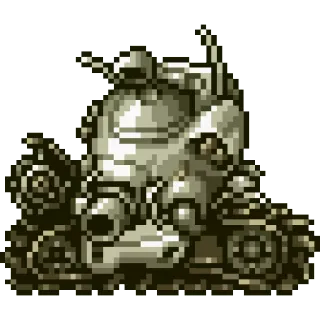 🤕 carro armato, veicolo, pixel art, militare, macchina telegram sticker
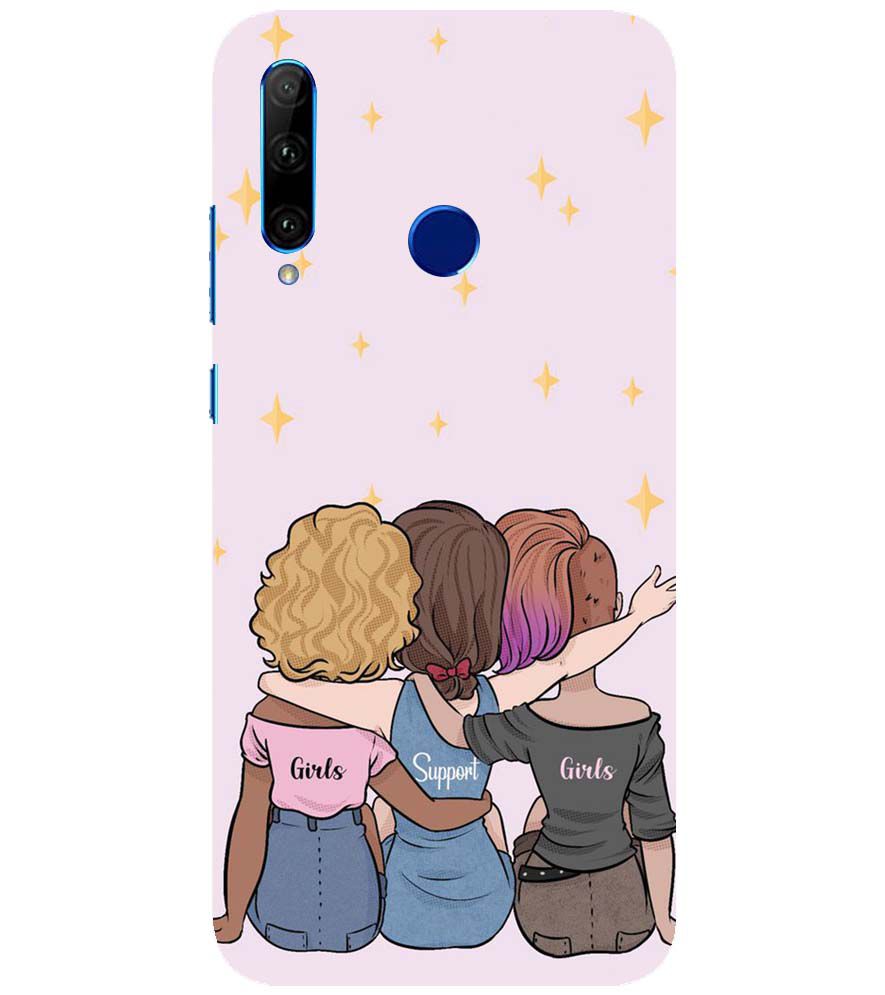 PS1313-Girls Support Girls Back Cover for Huawei Honor 10i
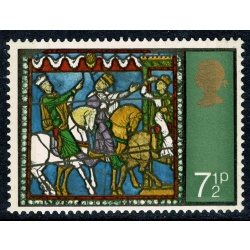 1971 Christmas 7½p EMBOSSING SHIFT to top left corner. SG 896 var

▶ Task details
Copy out all the data above exactly as written. Skip the pictures.

▶ Result of this exercise
 🤕 carro armato, veicolo, pixel art, militare, macchina telegram sticker
 PS1313-Girls Support Girls Back Cover for Huawei Honor 10i
 1971 Christmas 7½p EMBOSSING SHIFT to top left corner. SG 896 var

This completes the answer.